"""
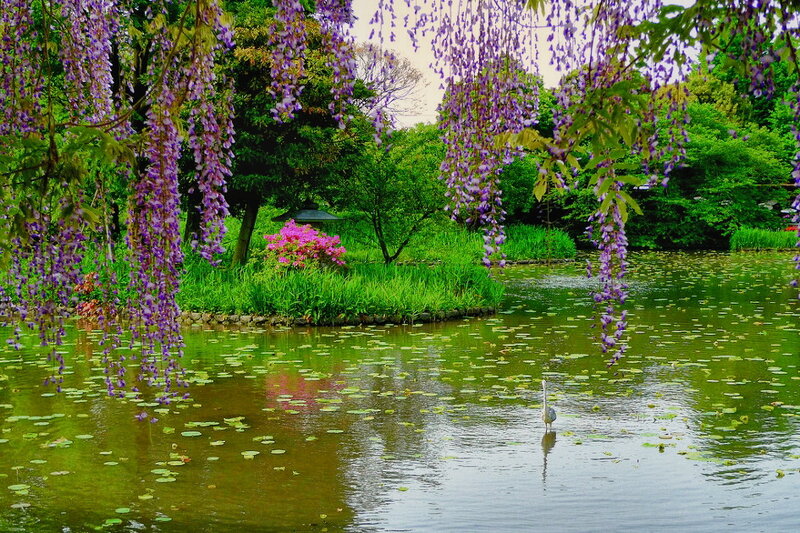Wisteria over Pond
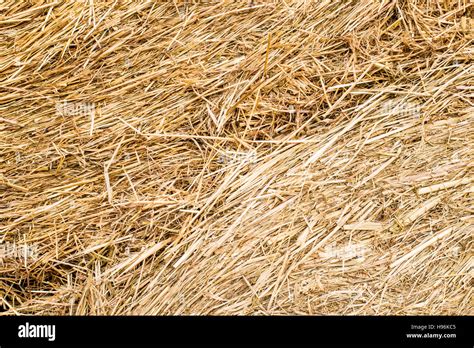 Hay Bales Texture Background Straw Rolls Stock Photo Alamy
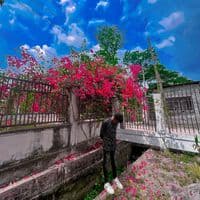 TikTok Account - nafiz0050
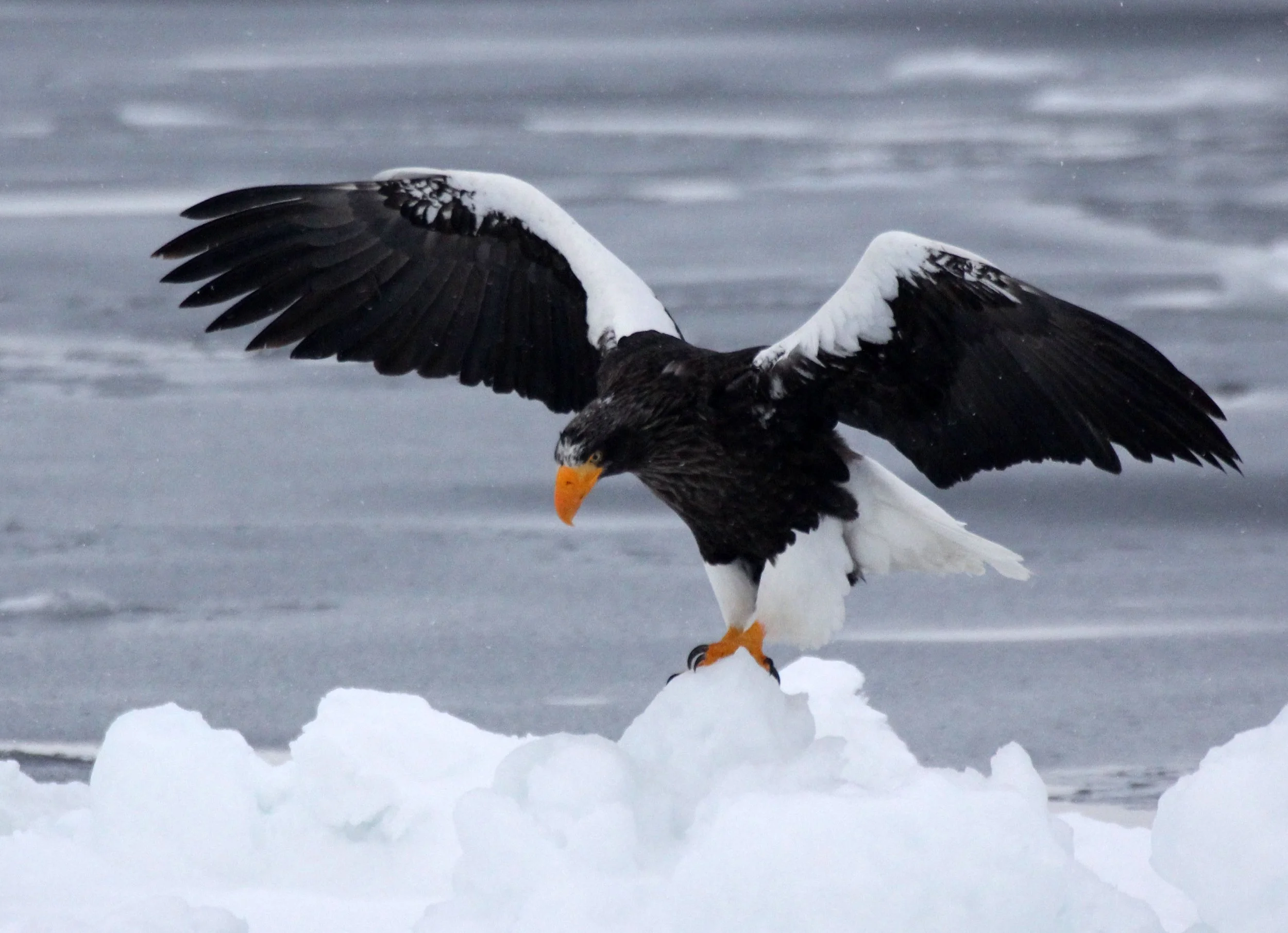 Haliaeetus pelagicus - STELLER'S SEA EAGLE - RAUSU, SHIRETOKO PENINSULA, HOKKAIDO JAPAN (47).JPG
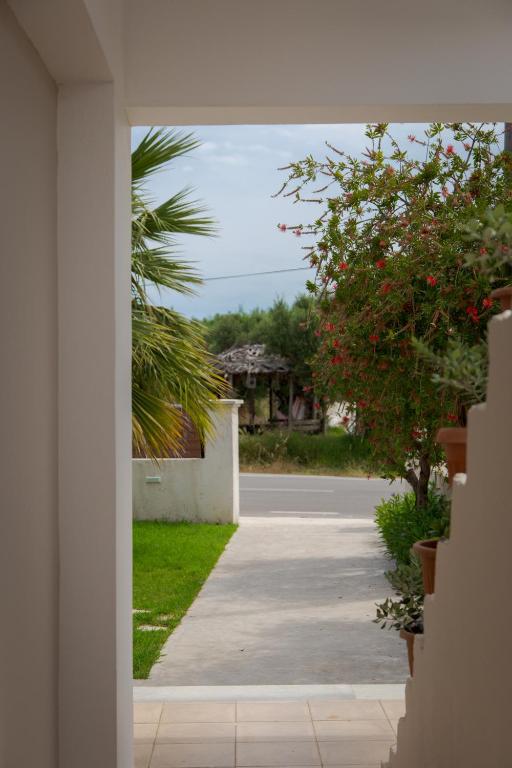 Tropical Apartments photo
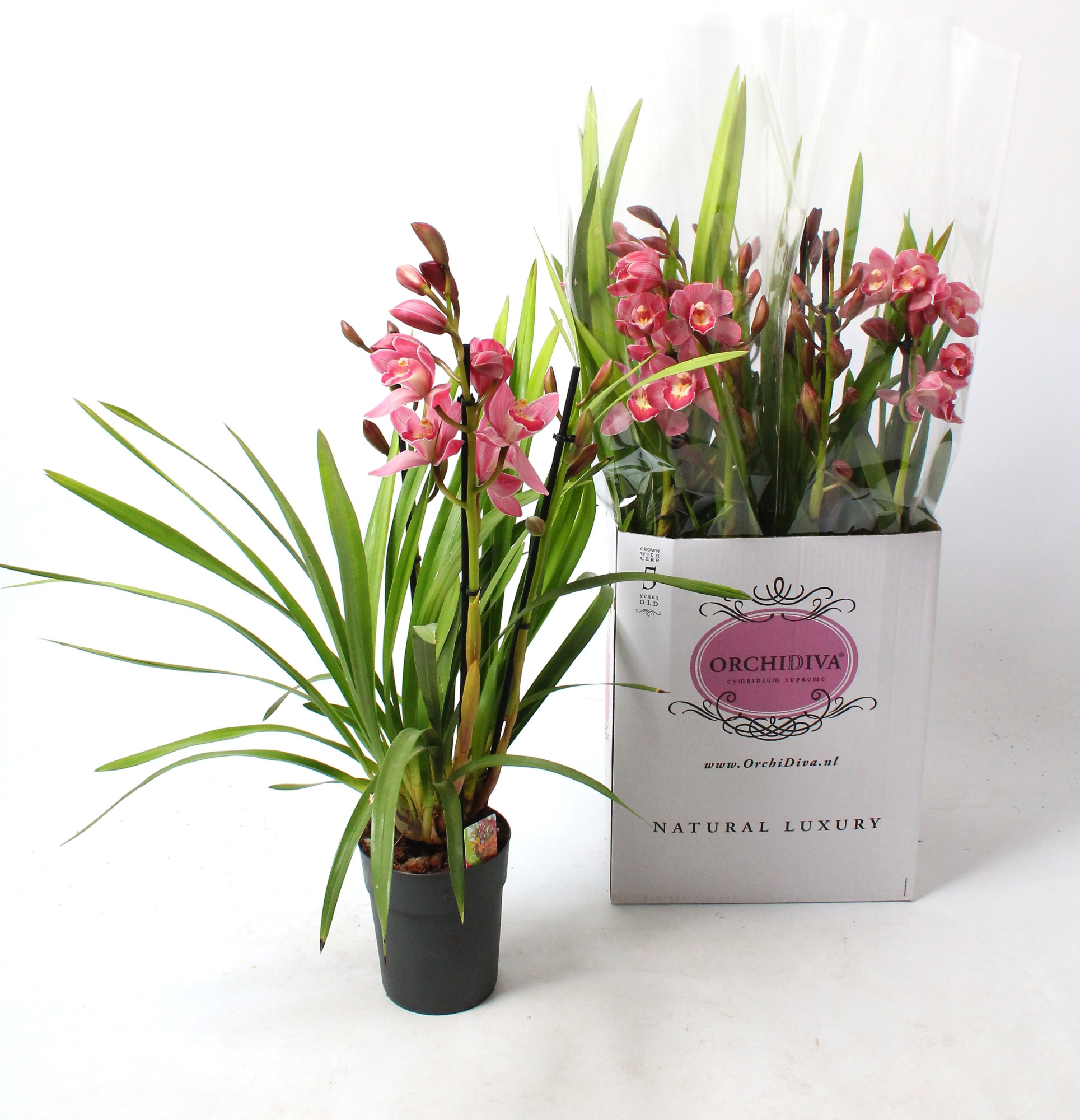 Cymbidium licht roze 3-4 tak, D 14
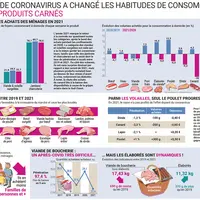 Infographie parue dans Les Marchés Mag de juin 2022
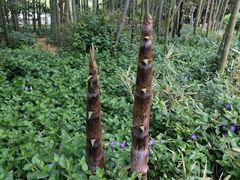 -苏州河梦清园环保主题公园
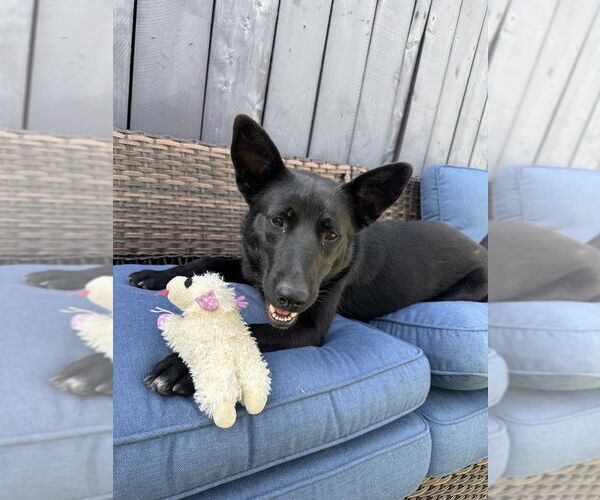 Medium Photo #13 German Shepherd Dog-Siberian Husky Mix Puppy For Sale in San Diego , CA, USA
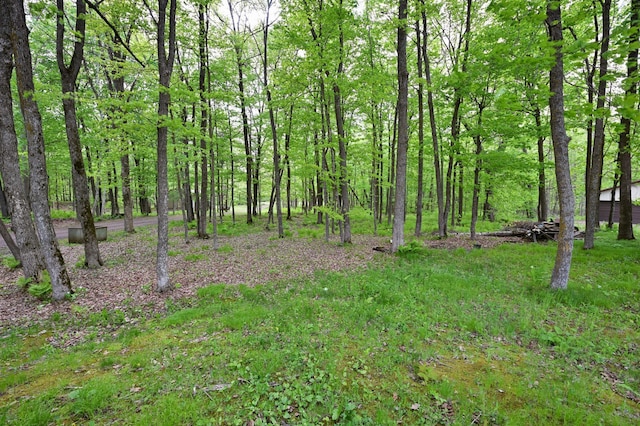 W2847 County Highway B, Madge Twp, WI 54870 - view of local wilderness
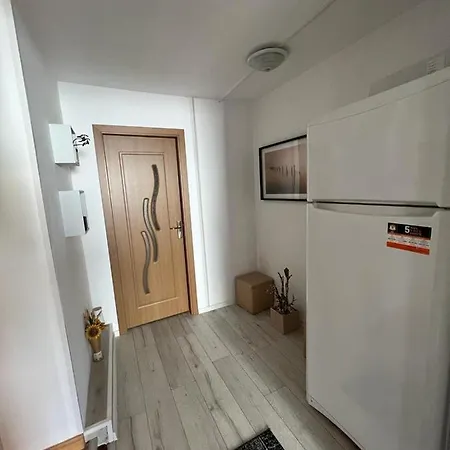Ferienwohnung Casa Corina Vişeu de Sus Exterior foto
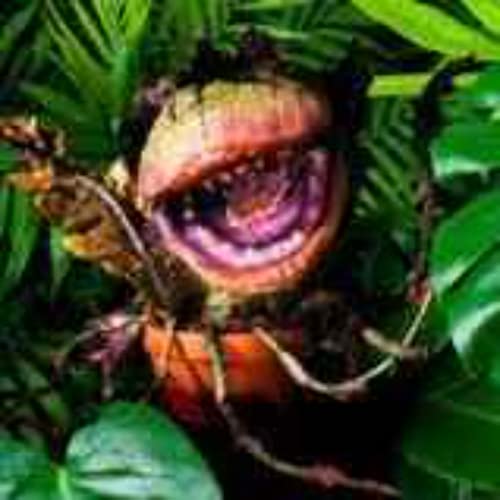 Best types of house plants, ever by Daniel Boisvert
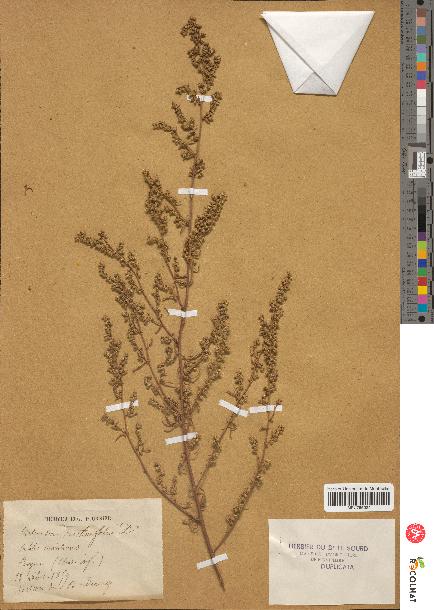 spécimen de Artemisia crithmifolia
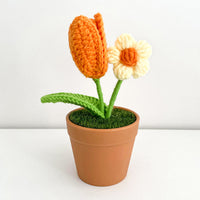 Handwoven Clay Potted Plants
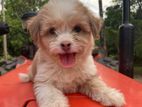 Shithzu Puppy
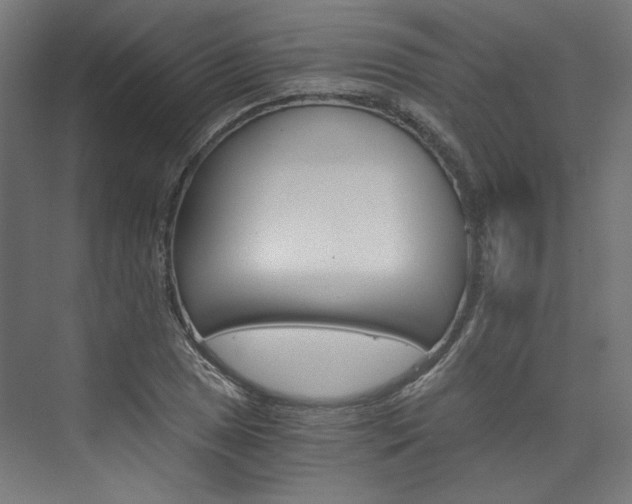 X0000074001025200608211102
"""
» Directions for this task: Nothing but the lines from the one containing "Hay Bales Texture" through the final line of the entries above should be given again, each exactly as written; omit the pictures.

» Solution:
 Hay Bales Texture Background Straw Rolls Stock Photo Alamy
 TikTok Account - nafiz0050
 Haliaeetus pelagicus - STELLER'S SEA EAGLE - RAUSU, SHIRETOKO PENINSULA, HOKKAIDO JAPAN (47).JPG
 Tropical Apartments photo
 Cymbidium licht roze 3-4 tak, D 14
 Infographie parue dans Les Marchés Mag de juin 2022
 -苏州河梦清园环保主题公园
 Medium Photo #13 German Shepherd Dog-Siberian Husky Mix Puppy For Sale in San Diego , CA, USA
 W2847 County Highway B, Madge Twp, WI 54870 - view of local wilderness
Ferienwohnung Casa Corina Vişeu de Sus Exterior foto
 Best types of house plants, ever by Daniel Boisvert
 spécimen de Artemisia crithmifolia
 Handwoven Clay Potted Plants
 Shithzu Puppy
 X0000074001025200608211102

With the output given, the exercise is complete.